First, the statement, "Rails. You clearly messed up." is self righteous
bullshit at its finest. Rails didn't mess up; the programmer(s) at Github
messed up. No conscientious developer lets the end user mass-assign variables
carte blanche. But with that said, _every_ developer messes up every now and
then despite their best efforts; some times they mess up in a big way.

Secondly, if a user discovered a vulnerability in something I wrote, and they
handled it like homakov did, I'd ban the shit of them until I knew for sure
that they weren't a threat.

Finally, Github handled this exactly the way many companies would handle it:
it's called damage control. These guys are really good at what they do, they
provide a great service and they offer-up a lot of their tools to the FOSS
community.

------
n8agrin
There is so much bombastic talk in this post. This has to be a troll.

------
meow
For me the sad part is that there is an almost even split between people
arguing the right way to bring this issue to every ones notice. I think this
is the perfect way to show how serious the issue is and to get more sites to
adopt the fix.

Exploits like this are worth a lot on black market. They are worth even more
if you provide a precious and vulnerable target to go along (github).

------
telent
AFFECT, grrr. Not effect. To effect every coder would be to bring them all
into existence, which is clearly not what happened here.

------
latetothepatty
I used GitHub and I'm not moving my stuff off. If an app gets hacked, then not
long after, that app will likely be the most secure place. GitHub at least
keeps it up most of the time. Who you really should be mad at are the Rails
maintainers and the RoR community. I switched from Java to Ruby a few years
back, and since day one, everyone using Rails has been slack on security.
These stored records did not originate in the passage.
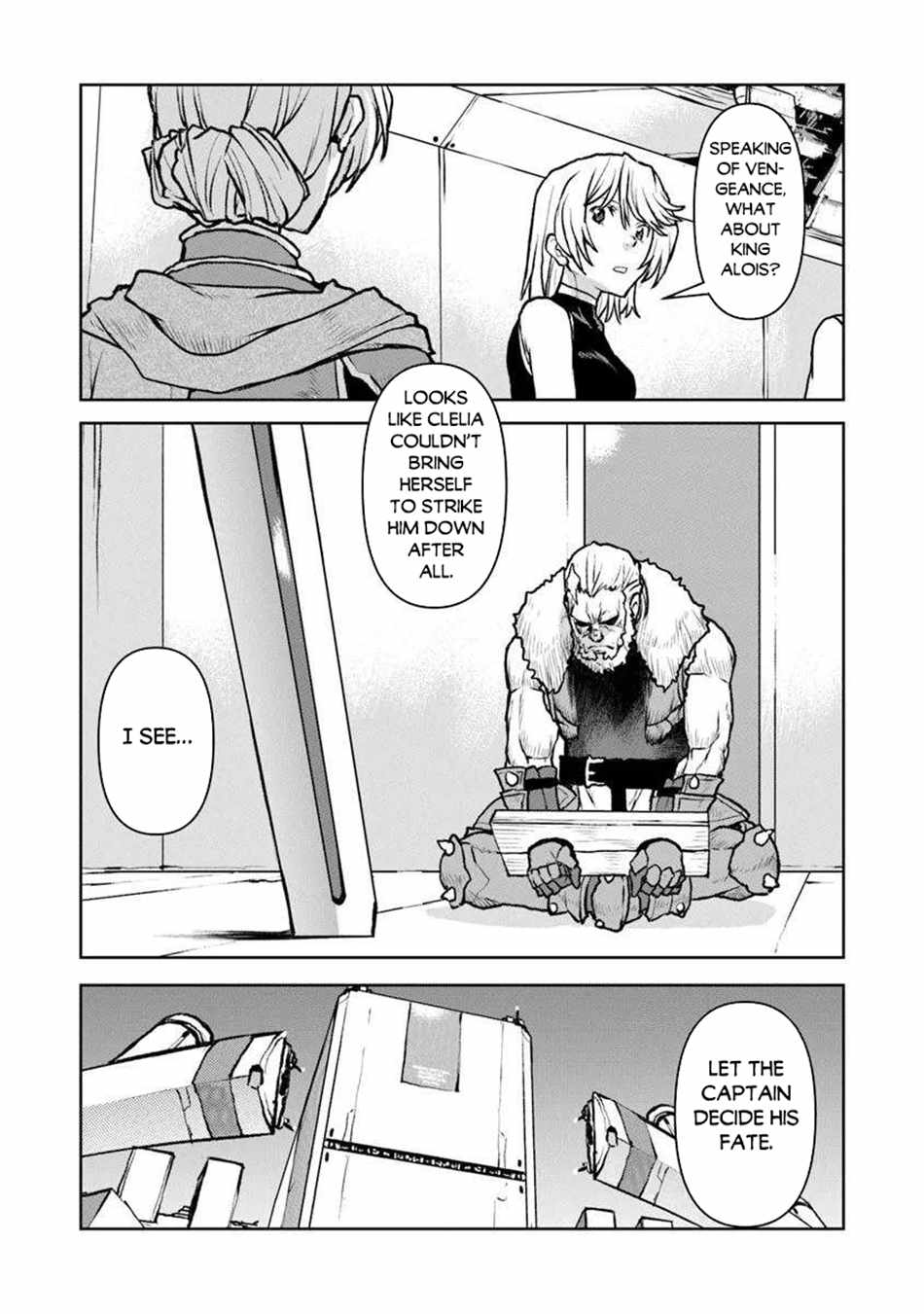 Read The Galactic Navy Officer Becomes an Adventurer Manga Online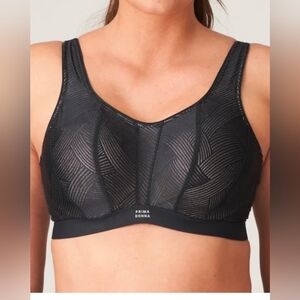 Prima Donna Sport  The Gym Padded Sports Bra 30E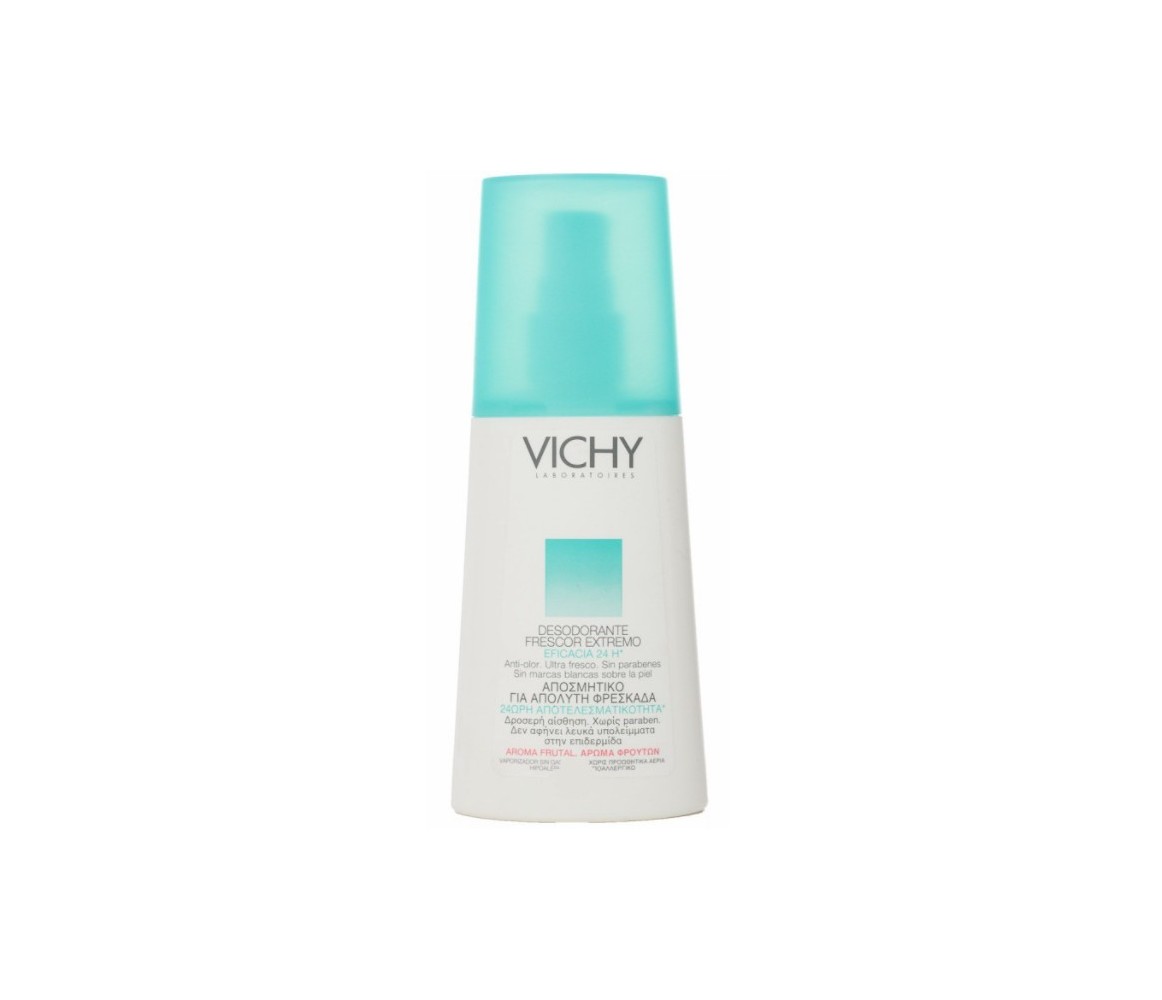 Vichy Desodorante Frescor Extremo Vaporizador 10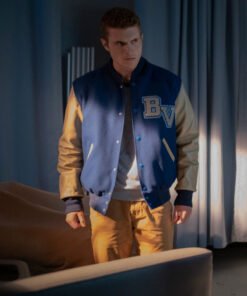 Stargirl Henry King Letterman Jacket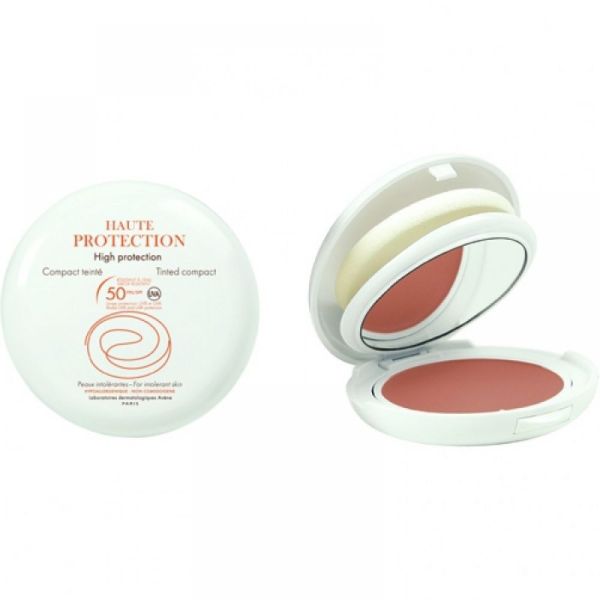 Avène - Compact sable SPF50 - 10g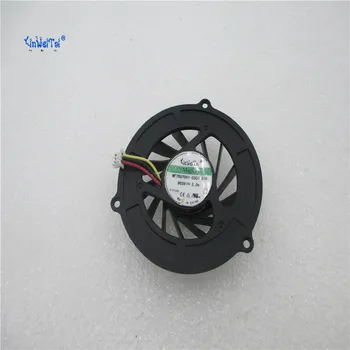 вентилятор для HP G70 Series Cooling Fan 489154-001 489126-001 KSB05105HA -8C31 DC5V 0.35A 3-проводной 3-контактный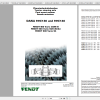 Fendt Tractor 900 Vario S4 VIN 950 954 Diagram Operation Manual Workshop Manual EN 4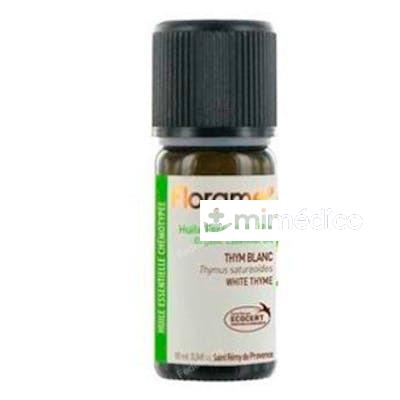 ACEITE ESENCIAL TOMILLO BLANCO 10 ML FLORAME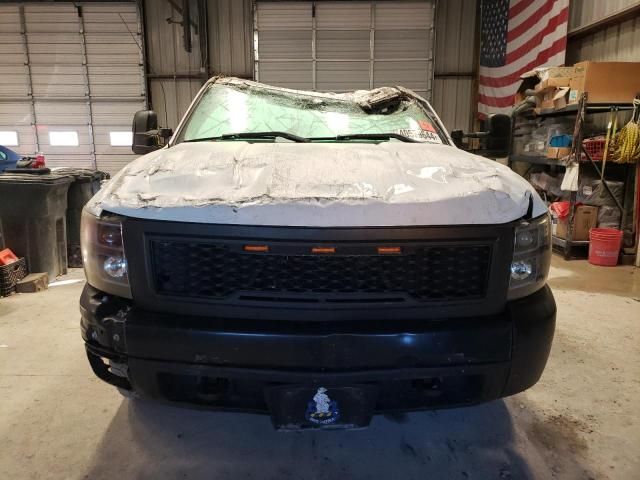 2007 Chevrolet Silverado K1500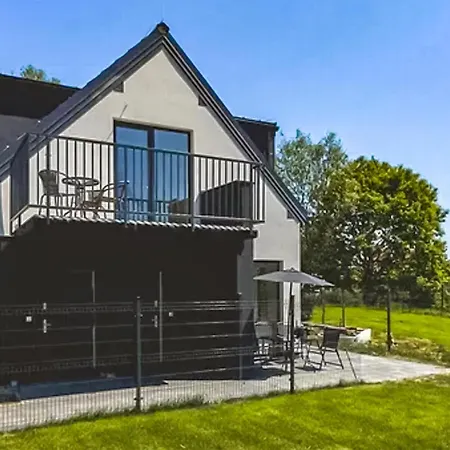 Amazing In Lägenhet Trzęsacz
The
reason is that they make things too easy to leave wide open. Don't believe me?
Read the Rails official documentation for starting off. It is all about ease
of use, not security. If you are new, you have no idea what you've really left
open even when you just generate a scaffold as they show you to do. The main
thing that Rails security has going for it is that the adoption of Rails is
still relatively low, and because a newbie isn't likely to scale their app
well, odds are you won't have an extremely popular, extremely performant Rails
app that is just asking to be hacked that easily.

------
knodi
This is the first thing in securing your rails app a developer learns, how to
properly handle mass-assignment. I don't blame rails, I blame Github.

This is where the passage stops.